Besides his passion in photography he is also equally interested in architectural heritage. He once gave a talk to a group of heritage buffs entitled “The influence of Islamic Architecture on Colonial Buildings in Malaysia”. The slide can still be accessed at https://www.slideshare.net/zainabdullah71. He was interviewed by the New Straits Times on his passion for architectural photography especially of heritage buildings. The interview was published in the New Straits Times dated 6 February 2017 in conjunction with the Federal Territory Day on 1 February. For his passion in architectural heritage he once served as a volunteer photographer for Badan Warisan Malaysia for 2 years (from 2014 to 2016).
He has been one of the judges for the photo contest organized by Perdana Leadership Foundation for the third times including the latest Merdeka Photo Contest with the theme of Malaysia United.
– Shape with light
Never shoot with the sun directly behind you. It creates boring, flat light on the subject. If you shoot with the light source to the side or behind the subject, you are able to shape with the light, creating a more interesting photo. Contrasting scene also accentuates the three-dimensionality of the subject.
This is a technique to use when you want to draw attention to something in your photograph. By framing a scene or a subject, say with a window or an archway, you lead the viewer’s eye to the primary focal point.
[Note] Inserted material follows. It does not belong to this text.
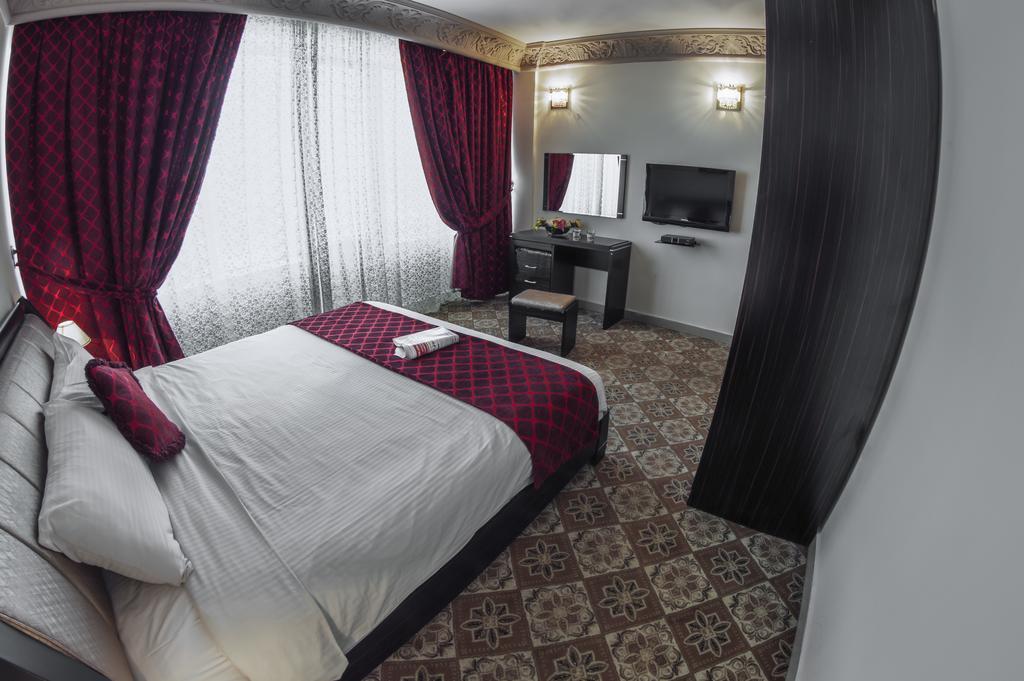 Sara Plaza (Adults Only) Aparthotel Kuwait City Ruang foto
– The Golden hour / The Magic Hour
Shoot portraits, architecture and landscapes at the golden hours — the light is softer and the colours are more vibrant. The golden hours are generally one hour after sunrise and one hour before sunset, provided the weather is clear.
– Shutter speed
Being aware of your shutter speed means the difference between taking a blurry photo and a sharp photo. It all depends on what you are after. If you are shooting a sporting event or children running around in the backyard, you probably want your subjects to be in focus. To capture fast action, you will have to use a shutter speed over 1/500th of a second, if not 1/1000th to 1/2000th. On the opposite end of the scale, you might want to capture the long streaks of a car’s tail lights running through your shot. Therefore, you would change your camera’s shutter speed to a long exposure. This could be one second, ten seconds, or even longer.
– Keep it simple / Less is more
Don’t try to pack too many elements into your image; it will just end up looking messy. If you just include one or two points of interest, your audience won’t be confused at where they should be looking or what they should be looking at.